Akademik seviyeleri farklı öğrencilerin aynı yerde toplanmasından nasıl genel başarı artışını gözleriz merak ediyorum doğrusu. Açık konuşacağım bazı öğrencilerin terimleri, kavramları veya işlemleri algılamaları için fazladan çaba ya da özel yöntemler isterken bazılarının bu tip şeylere ihtiyaç duymadan sadece hız kazanması adına soru çözmesi gerekiyor. İki farklı öğrenci profilini içeren sınıfta hocanın kime göre ders işleyeceği tamamen meçhul. İlk bahsettiğim profile göre ders anlatması durumunda ikinci grup adına verimli bir çalışma gerçekleşmeyecektir. İkinci bahsettiğim profile göre bir anlatım geçiren hocanın sınıfındaki ilk grup da çözümleri tam anlamadığı için sıkılacak ve dersin takibini bırakacaktır. Her iki senaryoda da ne gerçekleşeceği apaçık ortada; BAŞARISIZLIK.

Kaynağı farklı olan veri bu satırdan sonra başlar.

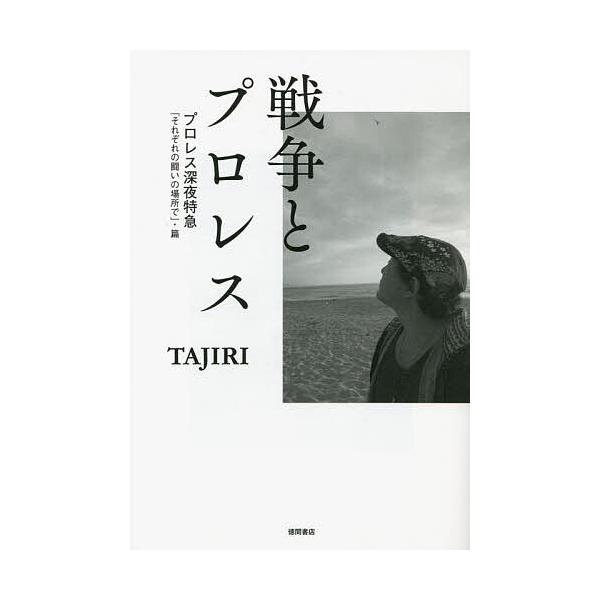 著:TAJIRI出版社:徳間書店発売日:2022年09月キーワード:戦争とプロレスプロレス深夜特急「それぞれの闘いの場所で」・篇TAJIRI せんそうとぷろれす センソウトプロレス たじり タジリ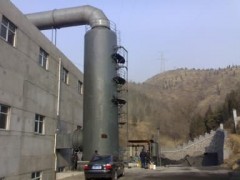濕式脫硫除塵器-- 河北華強科技開發(fā)有限公司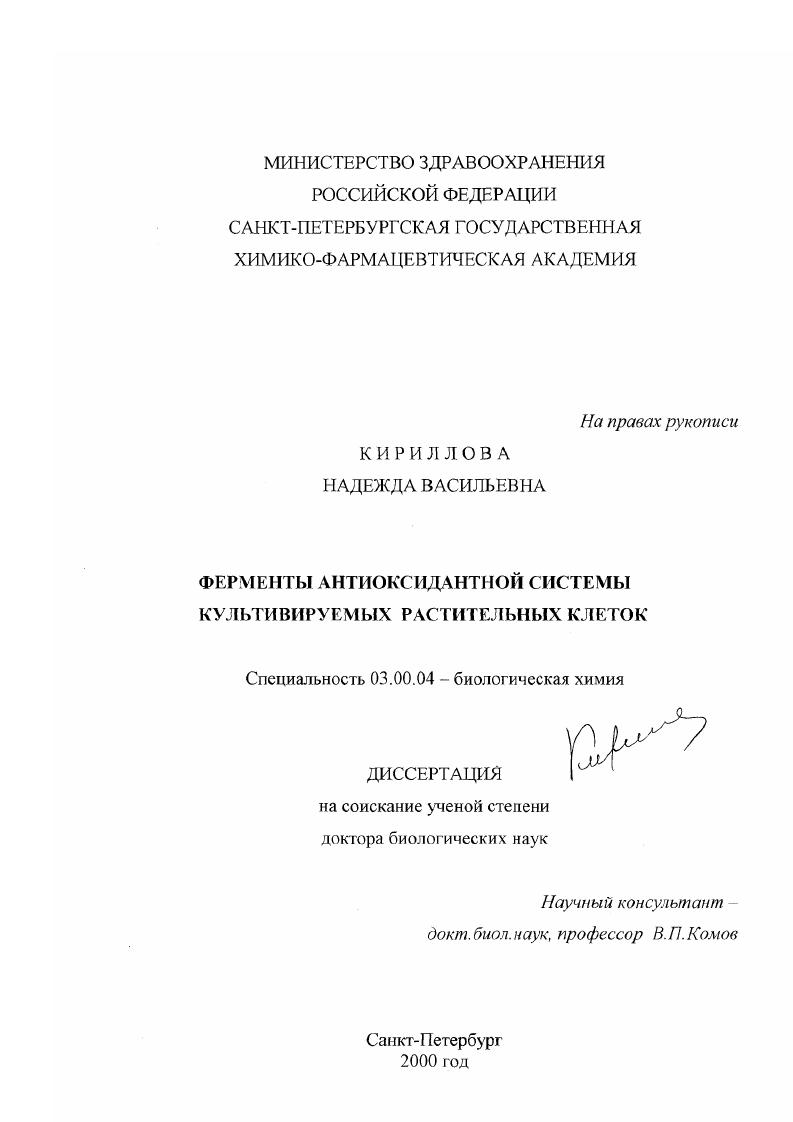 скачать диссертацию Ферменты антиоксидантной системы культивируемых растительных клеток Ферменты антиоксидантной системы культивируемых растительных клеток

"Sınav yapacak nitelikli okulları mayıs ayında açıklayacağız. Sınava girmek isteğe bağlı olacak. Nitelikli okulları hedefleyenler merkezi sınava girecek. Diğer öğrenciler evlerine yakın 5 okuldan birini tercih edecek. Mevcut TEOG'da mutlaka sınava girmek zorundaydınız. Sınav mecburiyeti ortadan kalktı."

Sistemin asıl niyeti burada ortaya çıkıyor işte. Aslında işler hiç de düşündüğümüz gibi değilmiş. Fen liseleri, yüksek sosyal liseler, proje okulları ve bir nevi markalaşmış Anadolu liseleri "nitelikli okul" adıyla sınava tabii tutulan yerler olacaklar. "Türkiye'de sınavsız giriş ütopyadır." fikrimi doğrular nitelikte sanki. Buradaki rezelliklik "nitelikli okul" kıstası elbette. Bakanlık bile güzel okul, çirkin okul ayrımını kesin çizgilerle kabul ediyor. Bunun bakanlık tarafından ayrıştırılmasının doğruluğu veya yanlışlığı tartışılır. Benim burada değinmek istediğim konu "niteliksiz okullara" sınavsız girebilmek bence pozitif bir adım. Adam zaten hali hazırda 220'li puanlardaki bir lise için sınavla uğraşmasın, onun derdine düşmesin abi, gerek yok bence de. Sanırım sistemdeki tek klass haraket bu olabilir.

"Örnek sorularımızı yayınlayacağız. Sorular 6, 7 ve 8. sınıftaki müfredattan olacak."

Bu bana OKS sistemini hatırlattı. Bilmem bilir misiniz ya da hatırlar mısınız SBS'den önceki OKS'de ortaöğretimin son sınıfında yani 8. sınıfta gerçekleşmesine rağmen bütün ortaöğretim müfredatından soran bir sistemdi. Bu SBS'yle her sene bir sınav olacak şekilde güncellendi. SBS'nin arından gelen TEOG'la işler 8. sınıfa indirgenmişti. Açıkçası bunun iyi mi kötü mü bir karar olduğunun tahlilini yapamıyor ve yorumu siz okurlarıma bırakıyorum.

Umarım yazımı sıkılmadan tek çırpıda okuyabilmişsinizdir. Yazılarımızın nice nice artması ve sizlerin de okuması dileğiyle. Okuduğunuz için teşekkürler. İmla ya da kaynak hatası varsa bildirmeyi lütfen ihmal etmeyin.